EXERCISE - Word for word, retype the first line of the records and every following line through the one containing "2 chambres Appartement".

==================================================

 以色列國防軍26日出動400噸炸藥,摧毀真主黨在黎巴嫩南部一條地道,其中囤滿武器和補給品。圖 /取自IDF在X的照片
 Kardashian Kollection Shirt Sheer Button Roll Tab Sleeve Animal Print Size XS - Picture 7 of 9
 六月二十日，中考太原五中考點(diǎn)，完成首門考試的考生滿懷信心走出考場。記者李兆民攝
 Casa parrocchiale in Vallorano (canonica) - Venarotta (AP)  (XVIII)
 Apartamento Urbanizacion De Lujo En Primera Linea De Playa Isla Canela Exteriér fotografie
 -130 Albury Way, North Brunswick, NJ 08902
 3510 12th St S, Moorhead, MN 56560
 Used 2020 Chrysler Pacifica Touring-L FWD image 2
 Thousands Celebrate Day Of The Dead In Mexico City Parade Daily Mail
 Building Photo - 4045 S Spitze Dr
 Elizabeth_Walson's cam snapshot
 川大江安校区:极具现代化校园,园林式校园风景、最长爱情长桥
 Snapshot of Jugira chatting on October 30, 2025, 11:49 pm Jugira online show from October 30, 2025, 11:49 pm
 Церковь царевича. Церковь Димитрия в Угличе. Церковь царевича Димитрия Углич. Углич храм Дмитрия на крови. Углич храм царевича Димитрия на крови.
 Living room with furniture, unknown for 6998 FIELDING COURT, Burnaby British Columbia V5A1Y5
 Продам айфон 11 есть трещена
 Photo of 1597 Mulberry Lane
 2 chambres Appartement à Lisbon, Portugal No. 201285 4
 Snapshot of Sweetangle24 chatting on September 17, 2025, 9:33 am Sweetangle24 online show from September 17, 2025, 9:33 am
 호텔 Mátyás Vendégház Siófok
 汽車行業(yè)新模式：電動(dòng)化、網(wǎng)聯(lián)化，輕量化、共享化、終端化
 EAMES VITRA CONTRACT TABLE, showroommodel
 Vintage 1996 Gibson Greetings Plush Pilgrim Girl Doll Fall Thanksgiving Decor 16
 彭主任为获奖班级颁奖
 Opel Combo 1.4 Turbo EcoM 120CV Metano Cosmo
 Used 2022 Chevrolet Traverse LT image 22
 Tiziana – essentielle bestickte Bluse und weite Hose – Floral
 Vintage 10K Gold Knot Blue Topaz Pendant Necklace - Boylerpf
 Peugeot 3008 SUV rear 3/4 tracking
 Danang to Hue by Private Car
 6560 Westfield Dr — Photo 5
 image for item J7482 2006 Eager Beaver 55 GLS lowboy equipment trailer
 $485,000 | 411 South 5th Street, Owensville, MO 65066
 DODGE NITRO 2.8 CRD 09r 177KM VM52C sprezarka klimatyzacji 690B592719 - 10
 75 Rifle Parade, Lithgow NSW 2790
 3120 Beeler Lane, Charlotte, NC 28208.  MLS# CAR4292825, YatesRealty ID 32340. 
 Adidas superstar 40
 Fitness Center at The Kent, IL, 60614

==================================================

SOLVED PROBLEM -
 以色列國防軍26日出動400噸炸藥,摧毀真主黨在黎巴嫩南部一條地道,其中囤滿武器和補給品。圖 /取自IDF在X的照片
 Kardashian Kollection Shirt Sheer Button Roll Tab Sleeve Animal Print Size XS - Picture 7 of 9
 六月二十日，中考太原五中考點(diǎn)，完成首門考試的考生滿懷信心走出考場。記者李兆民攝
 Casa parrocchiale in Vallorano (canonica) - Venarotta (AP)  (XVIII)
 Apartamento Urbanizacion De Lujo En Primera Linea De Playa Isla Canela Exteriér fotografie
 -130 Albury Way, North Brunswick, NJ 08902
 3510 12th St S, Moorhead, MN 56560
 Used 2020 Chrysler Pacifica Touring-L FWD image 2
 Thousands Celebrate Day Of The Dead In Mexico City Parade Daily Mail
 Building Photo - 4045 S Spitze Dr
 Elizabeth_Walson's cam snapshot
 川大江安校区:极具现代化校园,园林式校园风景、最长爱情长桥
 Snapshot of Jugira chatting on October 30, 2025, 11:49 pm Jugira online show from October 30, 2025, 11:49 pm
 Церковь царевича. Церковь Димитрия в Угличе. Церковь царевича Димитрия Углич. Углич храм Дмитрия на крови. Углич храм царевича Димитрия на крови.
 Living room with furniture, unknown for 6998 FIELDING COURT, Burnaby British Columbia V5A1Y5
 Продам айфон 11 есть трещена
 Photo of 1597 Mulberry Lane
 2 chambres Appartement à Lisbon, Portugal No. 201285 4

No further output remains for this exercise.